The King in a Rookery

  • reviewed by Christa Banister Copyright Christianity Today International
  • 2006 1 Nov
The King in a Rookery
Sounds like … melodic pop/rock that's similar to The Elms, Snow Patrol, Jimmy Eat World and at times, MaeAt a glance … while there are some forgettable tracks, the band has clearly invested more in its sound and lyrics this time aroundTrack Listing End of the Line Hello Monday One Goodbye It's Our Time Everything's OK Long Way Down I'm Alive The Deal Here & Now Final Straw Gravity I Concede

After a mostly forgettable debut, Under Museum Quality Glass on BEC Records back in 2003, Pivitplex returns with a new five-member lineup, smarter lyrics and a retooled sound on the much-delayed The King in a Rookery (the original release date was back in February).

And while things don't exactly get off to a promising start with the lagging, six-minute opener "End of the Line," it doesn't take long to hear significant improvement in light of its predecessor.
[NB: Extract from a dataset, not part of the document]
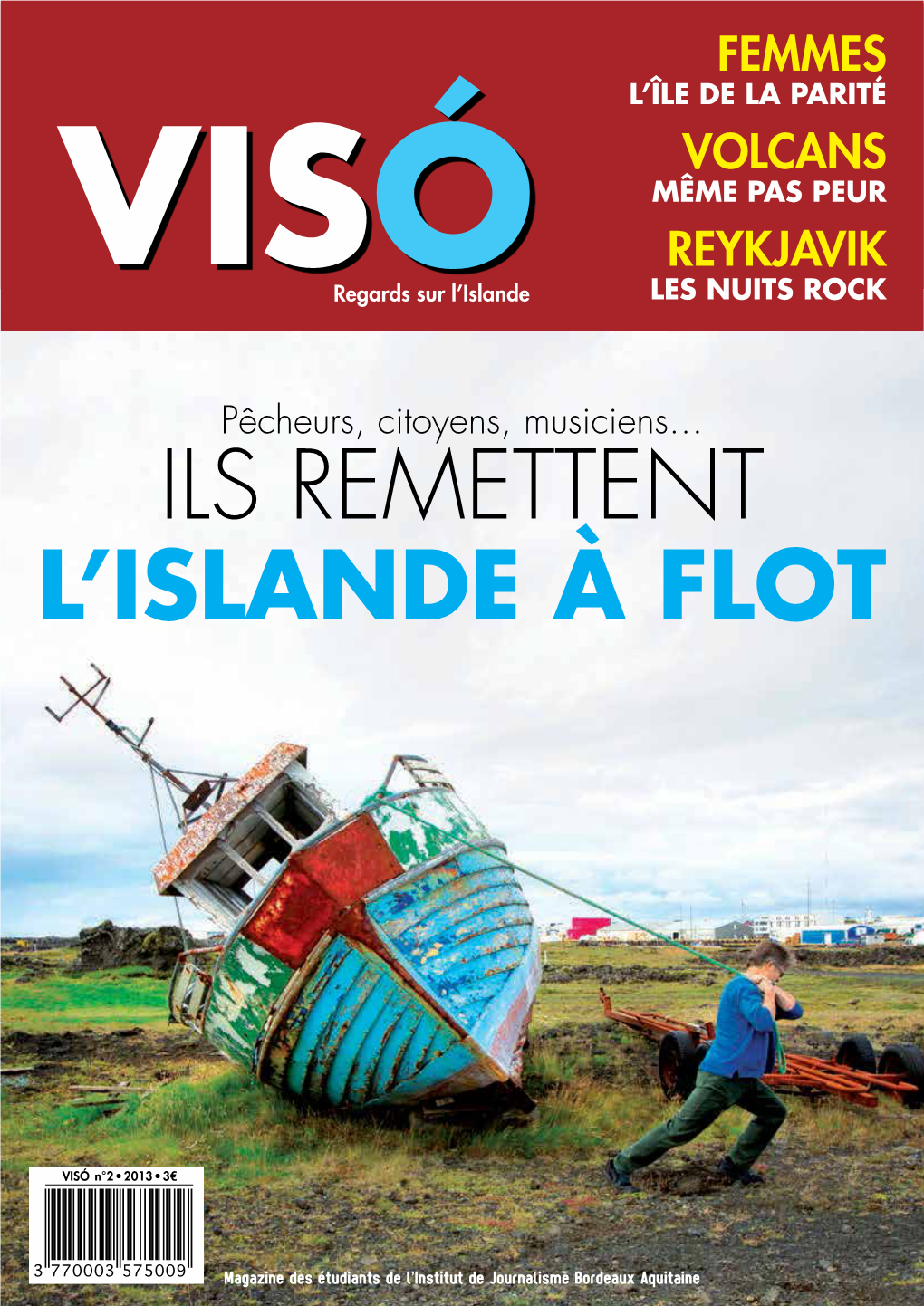 Ils Remettent L'islande À Flot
Instead of favoring the sound of other middle-of-the-road melodic rock bands, Pivitplex carves out its own place in the genre with more of a lo-fi, Indie rock approach that works really well, especially on catchy anthems like "Hello Monday," "One Goodbye," and the best of the bunch, "Everything's OK."
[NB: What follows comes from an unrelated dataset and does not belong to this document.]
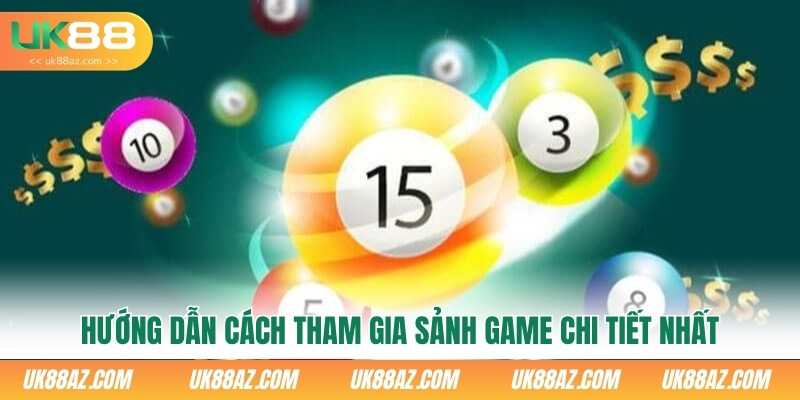 huong-dan-cach-tham-gia-sanh-game-chi-tiet-nhat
In addition to more musical variety, the band's lyrics have also come a long way. Continuing the Switchfoot-esque search for significance and meaning in an uncertain world, Pivitplex offers a fresh perspective, particularly on the poignant "It's Our Time": "We're a part of a generation of massive dreams/And hair-brained schemes of love/There are people who stand in line/To freeze our minds and say it's not our time/Will you stand with me, will you sing with me?"

While there are weak moments with the cliché-ridden "Final Straw" and "Here & Now," the band has a knack for relating to its peers and also demonstrates an unexpected aptitude for writing an atmospheric modern worship song that's nothing short of beautiful with "I'm Alive."

Ultimately, it's this diversity in style and substance that will leave a lasting impression when the last song of a The King in a Rookery has been played. Now here's hoping for even more moments like that the next time Pivitplex records a project.

© Christa Banister, subject to licensing agreement with Christianity Today International. All rights reserved. Click for reprint information.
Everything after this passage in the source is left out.